Mesmo no segundo turno, Bolsonaro também seguiu solitário em comparação com os
vencedores de eleições anteriores. Nenhum dos 11 candidatos derrotados na
primeira rodada declarou apoio ao capitão reformado.
Na sua última
prestação de contas, o candidato do PSL declarou ter arrecadado 2,5 milhão de
reais. Deste valor, 2,1 milhão tem como origem plataformas de financiamento
coletivo na internet, que são uma das novidades desta eleição. Fernando Haddad
(PT), seu adversário no segundo turno, por exemplo, recebeu 31 milhões do PT –
verba que veio principalmente do fundo público de campanhas.
Os gastos
oficiais de Bolsonaro nos dois turnos alcançaram até agora 1,7 milhão de reais.

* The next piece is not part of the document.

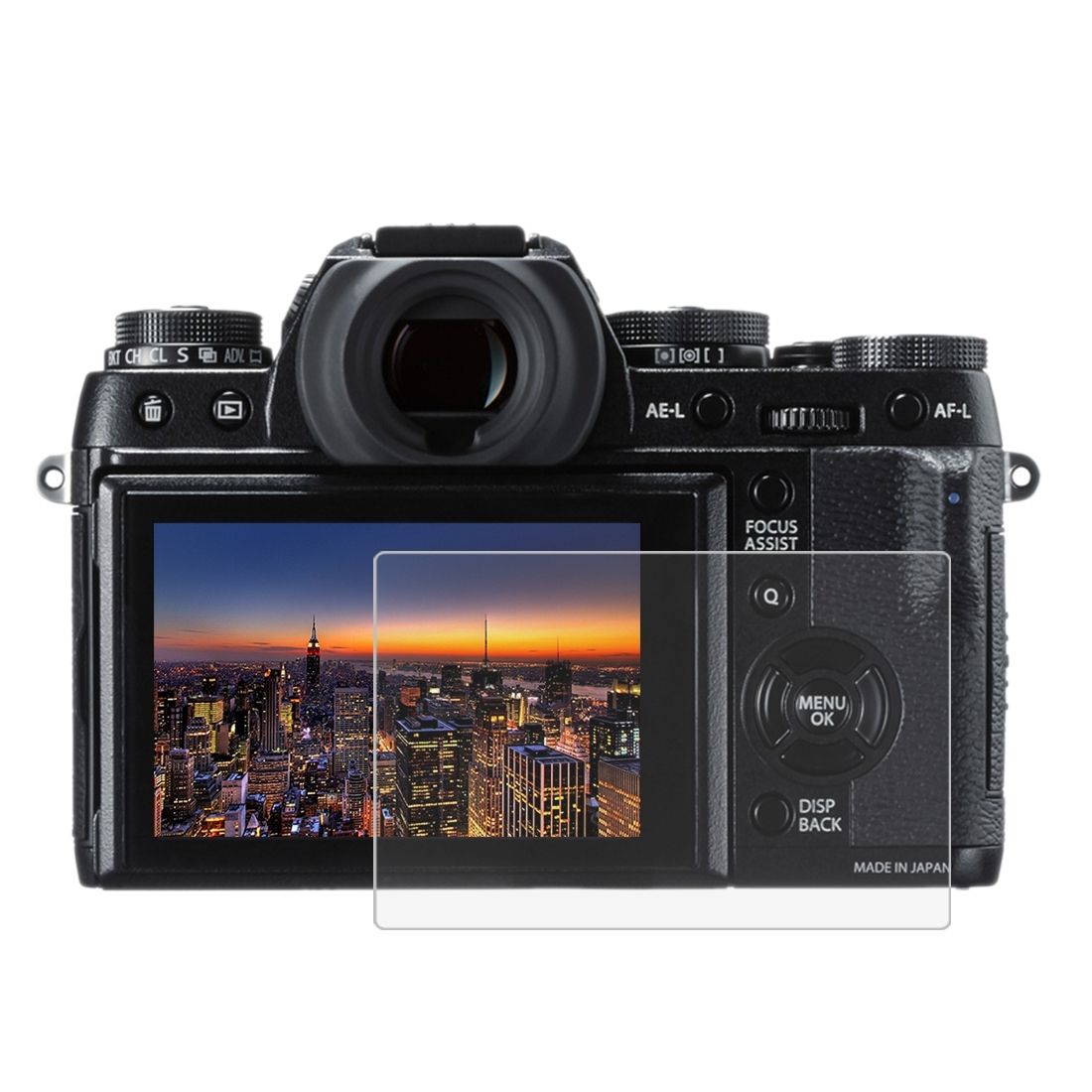 For Fujifilm X-T1/T2 Camera 2.5D Curved Edge 9H Surface Hardness Tempered Glass Screen Protector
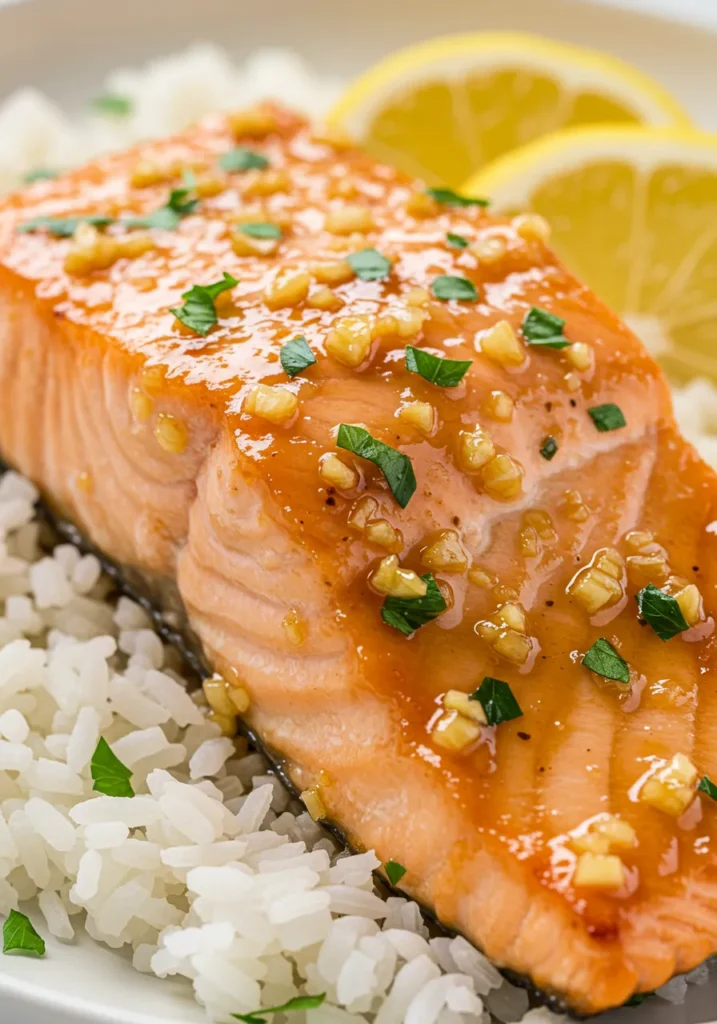 Honey Garlic Glazed Salmon Recipe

De verba da sua sigla, que tem como origem principal os fundos partidário e de
campanhas, o candidato contou com apenas 339 mil reais.
Esse quadro
ainda deve sofrer alterações, mas os gastos de campanha de Bolsonaro também
contrastam com o que foi declarado por candidatos que foram derrotados ainda no
primeiro turno. Geraldo Alckmin (PSDB), por exemplo, que obteve menos de 5% dos
votos válidos, declarou ter gasto cerca de 53 milhões de reais.
Fernando Haddad
(PT), por sua vez, declarou despesas contratadas de 34,4 milhões de reais –
combinadas com os gastos iniciais do ex-presidente Lula, que teve a candidatura
barrada em setembro, o valor gasto chega a 53,3 milhões de reais.
A própria
campanha de Bolsonaro admitiu que sua estrutura era amadora. Sem contar com
marqueteiro, as principais decisões foram tomadas pelo próprio candidato, pelos
seus filhos e pelo presidente em exercício do PSL, Gustavo Bebianno. Desde que
recebeu alta, no final de setembro, Bolsonaro comandou a campanha de casa, no
Rio de Janeiro. No local, recebeu políticos e figuras da sociedade civil que
declararam apoio. O tom informal dos encontros lembrou mais o de uma campanha
para vereador ou deputado do que o de uma corrida presidencial.
Após o ataque,
Bolsonaro também não viajou mais pelo país. Ele se deslocou no máximo no Rio de
Janeiro para gravar vídeos da sua campanha na TV e para prestar um depoimento à
Polícia Federal - outro contraste com candidatos à Presidência que normalmente se
deslocam milhares de quilômetros pelo país durante a campanha.
Sem contar com
os recursos milionários de outros candidatos e o tempo de TV, Bolsonaro se
voltou para táticas mais espartanas para fazer campanha, como o financiamento
coletivo e as redes sociais.
Foram as redes
sociais que se revelaram o pilar central da campanha do militar da reserva.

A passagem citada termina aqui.